The tp_traverse handler accepts a function parameter of this type:

int (*visitproc)(PyObject *object, void *arg)
Type of the visitor function passed to the tp_traverse handler. The function should be called with an object to traverse as object and the third parameter to the tp_traverse handler as arg. The Python core uses several visitor functions to implement cyclic garbage detection; it’s not expected that users will need to write their own visitor functions.

The tp_traverse handler must have the following type:

int (*traverseproc)(PyObject *self, visitproc visit, void *arg)
Traversal function for a container object. Implementations must call the visit function for each object directly contained by self, with the parameters to visit being the contained object and the arg value passed to the handler. The visit function must not be called with a NULL object argument. If visit returns a non-zero value that value should be returned immediately.

To simplify writing tp_traverse handlers, a Py_VISIT() macro is provided. In order to use this macro, the tp_traverse implementation must name its arguments exactly visit and arg:

void Py_VISIT(PyObject *o)

If o is not NULL, call the visit callback, with arguments o and arg. If visit returns a non-zero value, then return it. Using this macro, tp_traverse handlers look like:

static int
my_traverse(Noddy *self, visitproc visit, void *arg)
{
    Py_VISIT(self->foo);
    Py_VISIT(self->bar);
    return 0;
}

The tp_clear handler must be of the inquiry type, or NULL if the object is immutable.

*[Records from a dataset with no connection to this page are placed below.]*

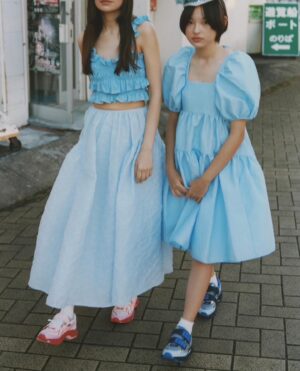Rina Ohta Instagram - Mother & Daughter 🌸🩵🦢

All clothes from @ceciliebahnsen 

Photographer: @yuji_w57 
Stylist: @nao_now 
Make up: @maki_iii 
Hair stylist: @wakaadachi 
Retouch: @paul_drozdowski_re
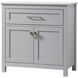 Adian Grey Bathroom Storage Cabinet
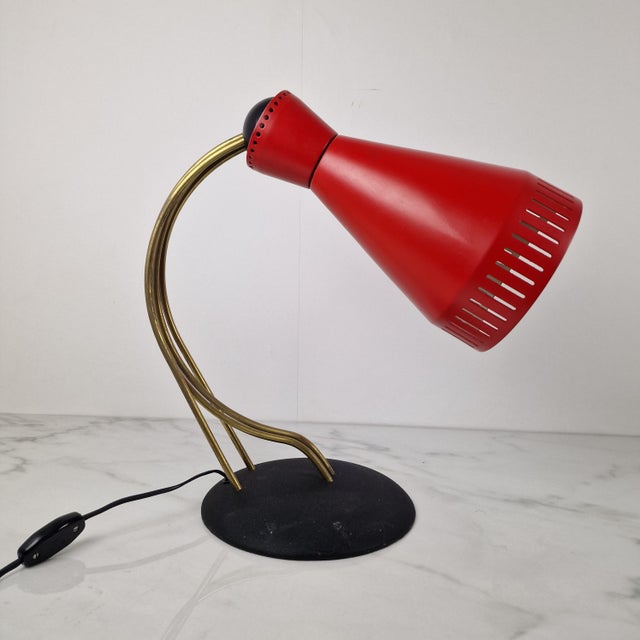 BAG Turgi Adjustable Desk Lamp from Bag Turgi, Switzerland, 1950s For Sale - Image 4 of 18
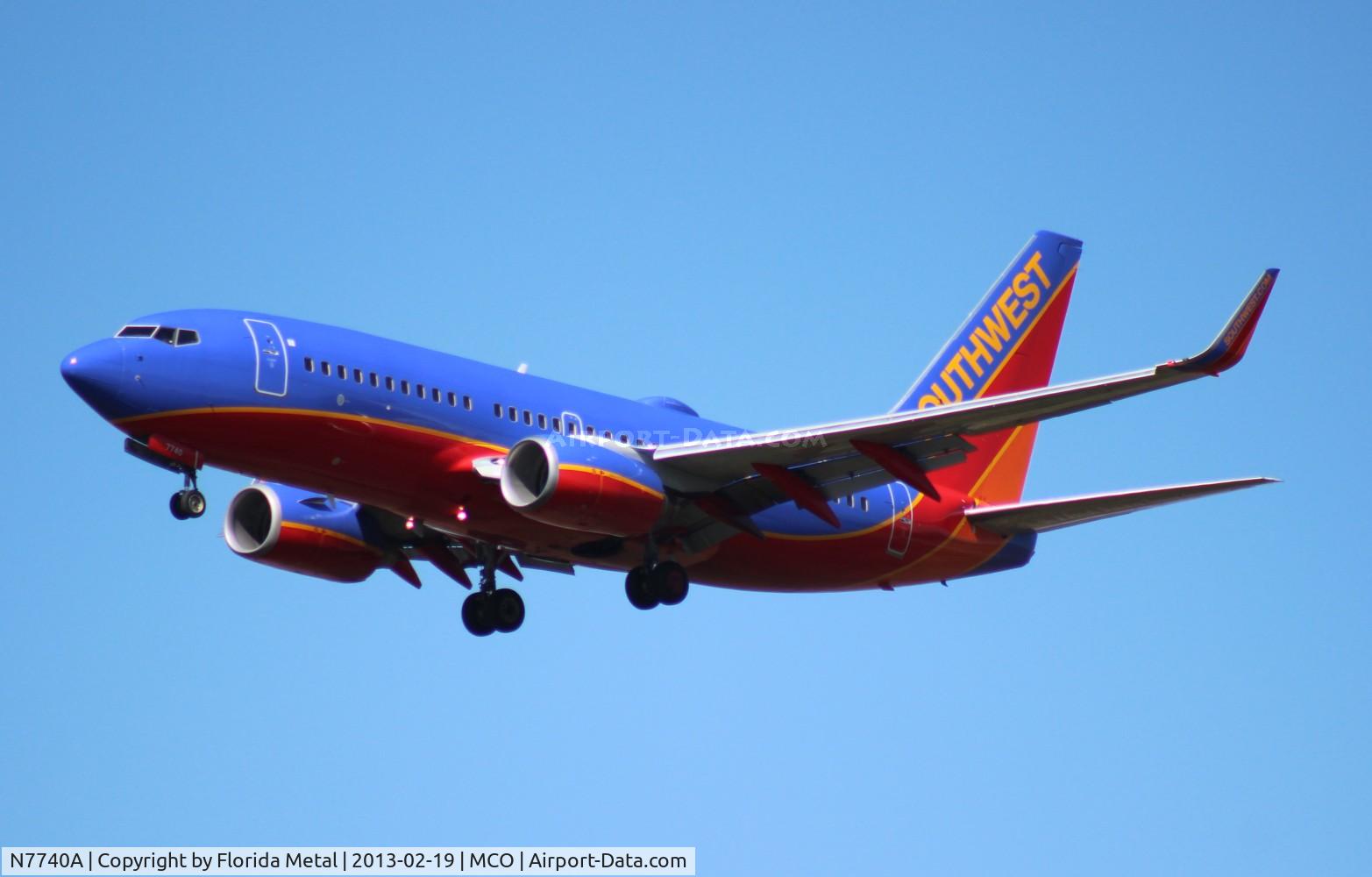 N7740A, 2007 Boeing 737-7BD C/N 33927, Southwest 737-700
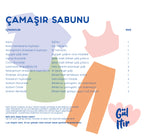 Doğal Çamaşır Deterjanı Bitkisel Sabun - Gül & Itır 5 lt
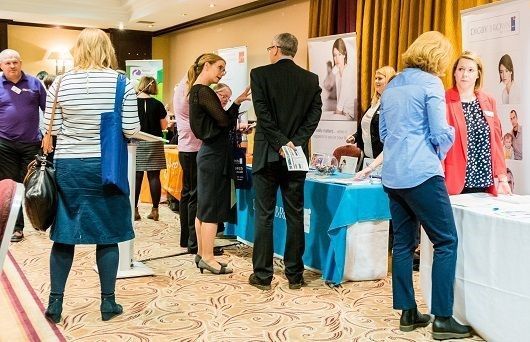 Exhibitors at the Head Injury Information Day in Edinburgh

int (*inquiry)(PyObject *self)
Drop references that may have created reference cycles. Immutable objects do not have to define this method since they can never directly create reference cycles. Note that the object must still be valid after calling this method (don’t just call Py_DECREF() on a reference). The collector will call this method if it detects that this object is involved in a reference cycle.